Hill personnel salute veterans on their day

Hill personnel salute veterans on their day

HILL AIR FORCE BASE — While growing up, Veterans Day was just another holiday to Staff Stg. Kevin Saicheck, who is now a military working dog handler. That changed for Saicheck the moment he joined the military.

“It means a whole lot more now, not only to remember the past and present veterans, but it’s a day that has a lot more emotion now, especially with the camaraderie we share working in the military,” Saicheck said.

The biggest sacrifice Saicheck says about being in the military is leaving his family. He has been deployed three times, but had to return home early this past February for his 2-year-old son, who had heart surgery. “It’s not easy, and it’s obviously hard at times, but I do it for my love of the country,” Saicheck said.

It has its rewards too. Recently, while deployed in Afghanistan as a military police officer, Saicheck was able to help bring supplies to the local nationals. “They were very grateful, which made up for the tough days on the job,” Saicheck said.

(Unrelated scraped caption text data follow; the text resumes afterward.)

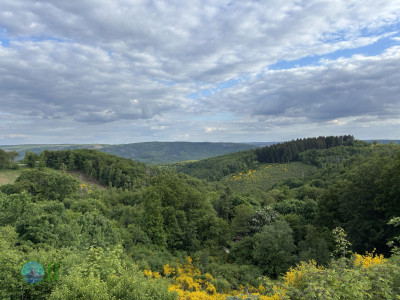Ultramarsch Eifel X-trem 2025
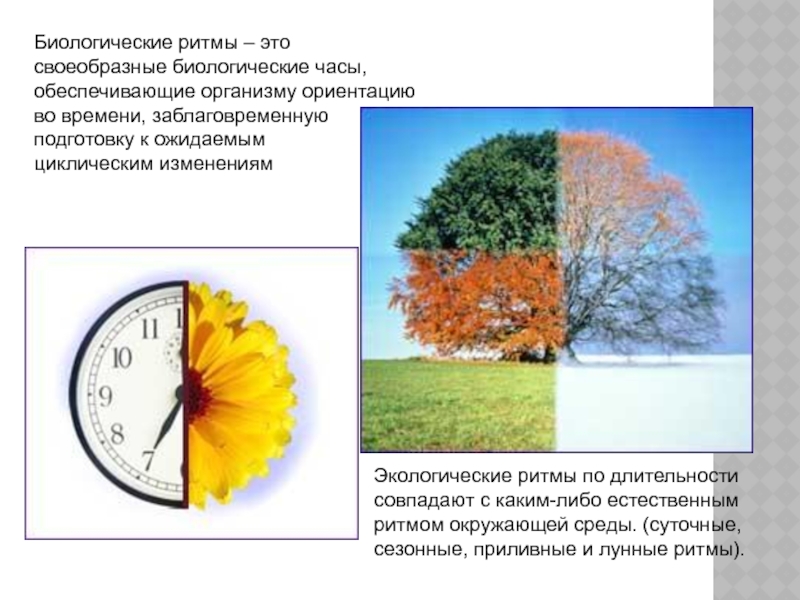 Биоритмы жизни проект по биологии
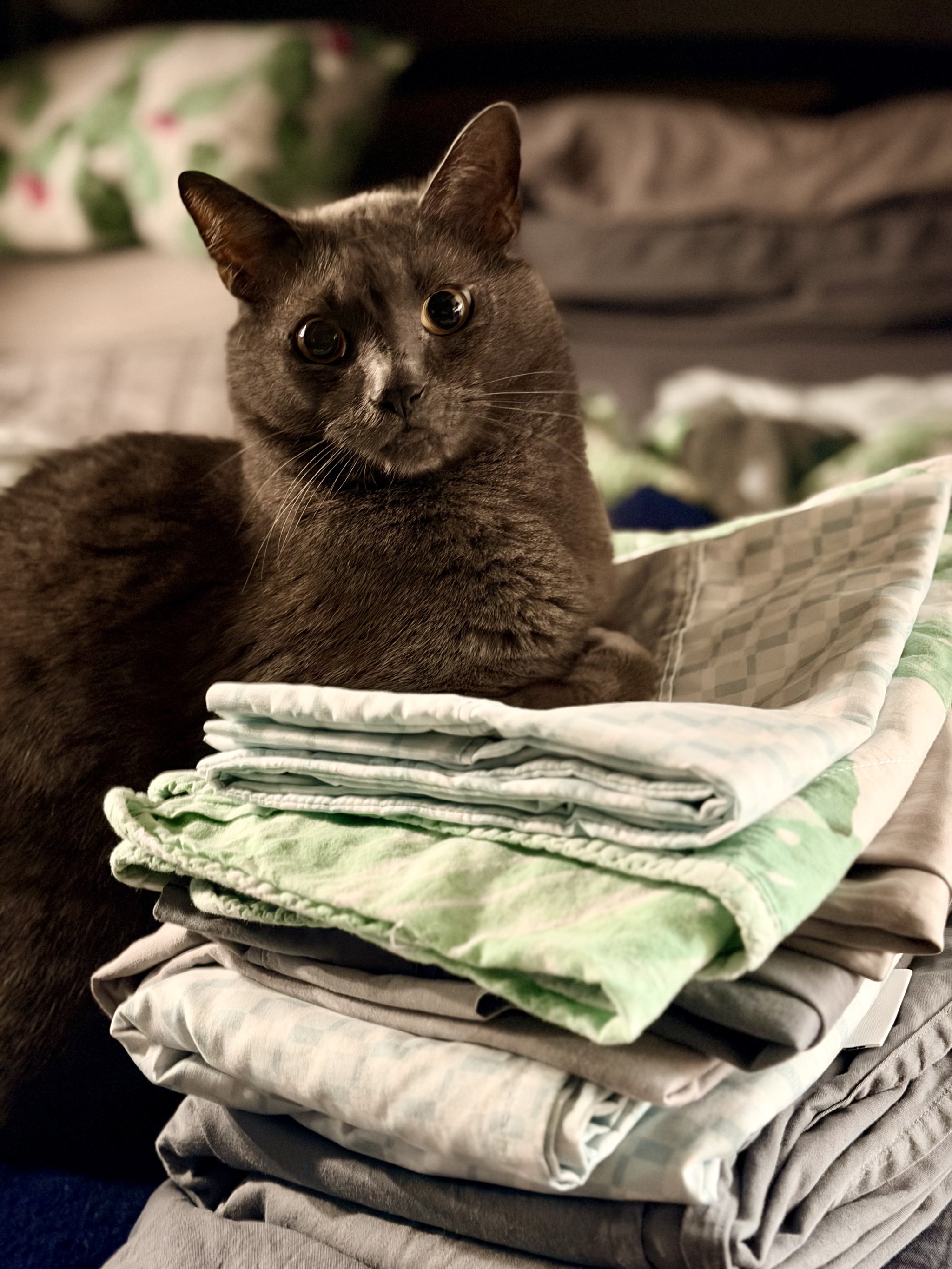 Cat on folded sheets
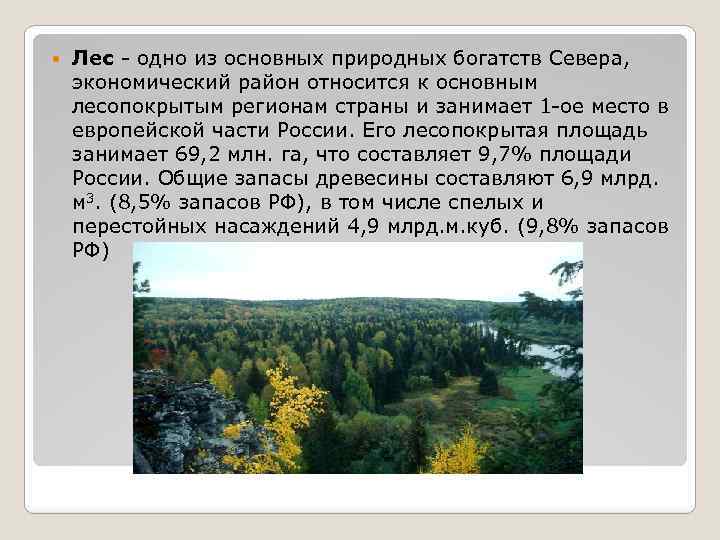  Лес - одно из основных природных богатств Севера, экономический район относится к основным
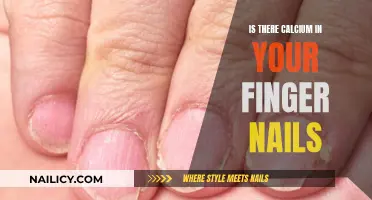 Calcium Content in Fingernails: What's the Truth?
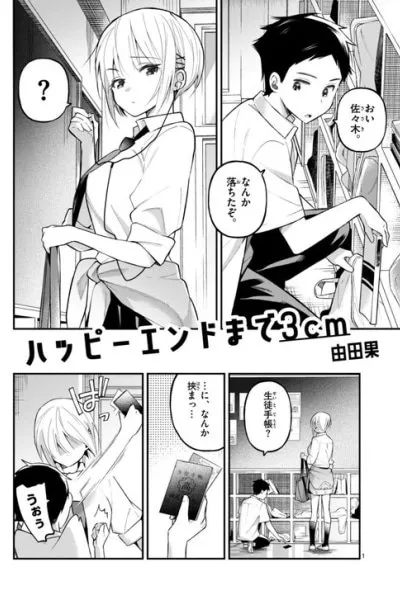 Cover of 3cm From Happy End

Saicheck admits a lot of people thank him for his service, which he appreciates, but the ones that should be remembered are those who have paid the ultimate sacrifice. “I am grateful when people thank me, but I like to think of those people who served before me and sacrificed far greater than what I have had to give up,” Saicheck said.

Saicheck spent Veterans Day with his family. 

“They are the most important thing in my life. The military is my job and I will do anything for my country, but my family is first and I want to spend as much time with them as I can,” Saicheck said.

Senior Airman Edward Bielick grew up in an area of Pittsburgh that didn’t have a big military community, so being stationed in Top of Utah has given Bielick a different perspective on Veterans Day. “I think the community here is more supportive and celebrates Veterans Day more fervently, probably because they see planes flying over and military uniforms on a regular basis, making community members more supportive,” Bielick said.

However, Bielick doesn’t consider himself one of those veterans who should be honored on the holiday. 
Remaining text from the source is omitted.